As the CPI strove to combine the twin tasks of national liberation from imperialist yoke and social liberation of the toiling masses from feudal and capitalist exploitation and oppression, the growing assertion of worker and peasants masses gave rise to, and was further facilitated by, a powerful Congress left wing represented by Jawaharlal Nehru, Subash Chandra Bose and others. A socialist stream emerged in North India. The great social churning and mass political awakening led to a luxuriant growth of progressive and democratic art and literature and the foundation of Progressive Writers’ Association (PWA) and Indian People’s Theatre Association (IPTA).
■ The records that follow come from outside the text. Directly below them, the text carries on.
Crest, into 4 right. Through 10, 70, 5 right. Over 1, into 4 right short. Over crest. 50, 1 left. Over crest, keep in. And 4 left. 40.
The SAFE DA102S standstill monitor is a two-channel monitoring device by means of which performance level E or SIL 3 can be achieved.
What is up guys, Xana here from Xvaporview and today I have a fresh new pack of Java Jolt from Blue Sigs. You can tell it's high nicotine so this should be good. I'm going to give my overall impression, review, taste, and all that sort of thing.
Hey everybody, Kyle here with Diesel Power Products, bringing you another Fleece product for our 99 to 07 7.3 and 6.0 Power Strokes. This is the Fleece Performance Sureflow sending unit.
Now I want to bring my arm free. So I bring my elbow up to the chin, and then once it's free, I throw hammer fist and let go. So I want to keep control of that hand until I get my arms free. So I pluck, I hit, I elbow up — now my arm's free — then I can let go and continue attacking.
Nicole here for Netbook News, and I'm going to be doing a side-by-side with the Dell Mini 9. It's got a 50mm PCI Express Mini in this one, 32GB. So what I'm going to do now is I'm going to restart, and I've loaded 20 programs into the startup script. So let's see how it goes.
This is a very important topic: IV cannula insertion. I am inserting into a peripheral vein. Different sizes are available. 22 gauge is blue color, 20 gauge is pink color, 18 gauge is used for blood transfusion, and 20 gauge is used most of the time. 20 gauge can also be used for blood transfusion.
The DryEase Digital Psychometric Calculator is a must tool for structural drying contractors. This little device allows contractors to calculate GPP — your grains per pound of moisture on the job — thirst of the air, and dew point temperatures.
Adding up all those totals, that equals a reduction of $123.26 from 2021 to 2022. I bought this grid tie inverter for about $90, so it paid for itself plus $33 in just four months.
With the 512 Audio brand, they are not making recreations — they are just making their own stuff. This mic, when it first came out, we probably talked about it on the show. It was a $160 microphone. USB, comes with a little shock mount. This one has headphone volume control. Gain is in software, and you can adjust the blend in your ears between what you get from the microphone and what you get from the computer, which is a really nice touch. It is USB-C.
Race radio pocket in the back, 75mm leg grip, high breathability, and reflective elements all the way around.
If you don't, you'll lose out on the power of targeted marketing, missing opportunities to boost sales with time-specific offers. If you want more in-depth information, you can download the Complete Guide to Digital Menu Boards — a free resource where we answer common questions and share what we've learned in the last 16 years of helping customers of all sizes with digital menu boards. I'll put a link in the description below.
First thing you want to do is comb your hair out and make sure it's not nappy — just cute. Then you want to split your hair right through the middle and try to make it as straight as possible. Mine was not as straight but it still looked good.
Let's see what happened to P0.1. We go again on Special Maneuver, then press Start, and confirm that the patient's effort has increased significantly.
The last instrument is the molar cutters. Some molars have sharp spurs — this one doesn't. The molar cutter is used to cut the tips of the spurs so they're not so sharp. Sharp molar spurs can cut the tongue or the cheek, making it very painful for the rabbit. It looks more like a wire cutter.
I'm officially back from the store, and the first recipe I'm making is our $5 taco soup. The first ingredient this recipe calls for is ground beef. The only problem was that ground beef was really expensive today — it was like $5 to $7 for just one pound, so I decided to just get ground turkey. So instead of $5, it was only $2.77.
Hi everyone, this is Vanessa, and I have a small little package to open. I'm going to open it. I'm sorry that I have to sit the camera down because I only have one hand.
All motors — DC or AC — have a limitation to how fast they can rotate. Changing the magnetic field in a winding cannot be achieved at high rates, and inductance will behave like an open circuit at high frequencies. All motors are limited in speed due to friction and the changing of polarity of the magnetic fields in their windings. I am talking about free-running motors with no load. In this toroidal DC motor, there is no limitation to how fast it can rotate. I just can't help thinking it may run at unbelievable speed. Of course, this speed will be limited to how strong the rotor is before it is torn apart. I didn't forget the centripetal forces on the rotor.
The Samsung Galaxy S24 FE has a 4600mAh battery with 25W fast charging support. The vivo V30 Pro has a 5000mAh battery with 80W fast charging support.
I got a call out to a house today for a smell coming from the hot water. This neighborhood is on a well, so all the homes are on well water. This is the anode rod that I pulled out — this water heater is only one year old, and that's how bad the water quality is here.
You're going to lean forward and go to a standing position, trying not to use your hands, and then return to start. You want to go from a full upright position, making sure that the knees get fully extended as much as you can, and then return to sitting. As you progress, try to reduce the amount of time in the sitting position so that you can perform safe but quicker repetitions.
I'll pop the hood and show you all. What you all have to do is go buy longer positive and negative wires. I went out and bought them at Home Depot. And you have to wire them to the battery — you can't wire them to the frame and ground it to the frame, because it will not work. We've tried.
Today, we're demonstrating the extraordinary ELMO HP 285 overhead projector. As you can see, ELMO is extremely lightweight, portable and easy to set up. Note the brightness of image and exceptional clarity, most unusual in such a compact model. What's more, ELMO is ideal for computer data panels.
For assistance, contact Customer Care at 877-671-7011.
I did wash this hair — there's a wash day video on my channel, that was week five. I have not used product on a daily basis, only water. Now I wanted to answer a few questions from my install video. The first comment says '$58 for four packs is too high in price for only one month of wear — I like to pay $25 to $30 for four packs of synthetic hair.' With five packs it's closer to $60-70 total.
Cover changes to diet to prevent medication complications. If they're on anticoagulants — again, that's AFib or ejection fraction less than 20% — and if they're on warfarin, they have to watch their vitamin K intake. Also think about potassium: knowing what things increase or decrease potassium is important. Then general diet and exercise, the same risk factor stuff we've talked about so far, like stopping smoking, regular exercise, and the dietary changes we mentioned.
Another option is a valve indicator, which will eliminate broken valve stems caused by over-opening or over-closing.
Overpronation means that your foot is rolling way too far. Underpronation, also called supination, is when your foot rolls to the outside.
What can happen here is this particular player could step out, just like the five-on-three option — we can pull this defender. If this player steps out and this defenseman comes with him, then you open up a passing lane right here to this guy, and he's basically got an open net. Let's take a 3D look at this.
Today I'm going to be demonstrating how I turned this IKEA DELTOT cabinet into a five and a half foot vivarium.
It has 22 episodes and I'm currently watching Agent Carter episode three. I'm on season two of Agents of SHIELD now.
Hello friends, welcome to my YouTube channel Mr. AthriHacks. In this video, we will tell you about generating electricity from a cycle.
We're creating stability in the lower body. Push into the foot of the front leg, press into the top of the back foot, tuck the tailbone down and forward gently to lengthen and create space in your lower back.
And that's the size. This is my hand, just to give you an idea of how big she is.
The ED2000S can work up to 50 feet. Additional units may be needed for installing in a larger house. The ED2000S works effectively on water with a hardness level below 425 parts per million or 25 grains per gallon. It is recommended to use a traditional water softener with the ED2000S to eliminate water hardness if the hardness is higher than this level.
During and after World War II, the country witnessed a sharp left and democratic turn in politics, as manifested in an unending series of prolonged workers’ strikes, the tebhaga and Telengana uprisings, the “quit India” upsurge, the great naval mutiny, the heroic march of the Indian National Army, which created history by enlisting women in direct fighting operations through the Rani Jhansi Regiment, gave us the unique secular salutation “Jai Hind” and became a grand symbol of communal fraternity not only on the battlefield but also in the angry protest movement that swept the nation during the INA trials; the “Quit Kashmir” agitation; and so on.
Sadly, the “almost revolution” was overshadowed by a communal holocaust and a divided India achieved independence after a long long tryst with destiny – a battle hard-fought and hard-won.
The Constitution of independent India “resolv[ed] to secure to all its citizens JUSTICE, social, economic and political; LIBERTY of thought, expression, belief, faith and worship; EQUALITY of status and of opportunity …” Fighting for the achievement of these ideals for all the people of India, and protecting these ideals from fascist subversion, which is possible only through a mass movement for their actualization in our lives, is a top priority task before the nation today.
At a time when ‘patriotism’ is being defined as fascists as hatred for minorities and for our neighbouring countries, we must harness the various rich political and cultural traditions of ‘people-first patriotism’ from the 1857 war of independence to the Ghadar movement, from Bhagat Singh and his comrades down to the Naxalbari movement.
The Tenth Congress of CPI (ML) Liberation resolves to plunge into this battle with all its might and solicits active cooperation of comrades, friends and all those who, despite ideological or political differences, are for democracy against fascism. India’s second freedom movement – this time from the clutches of fascism – has begun. Victory will be ours, because people united can never be defeated.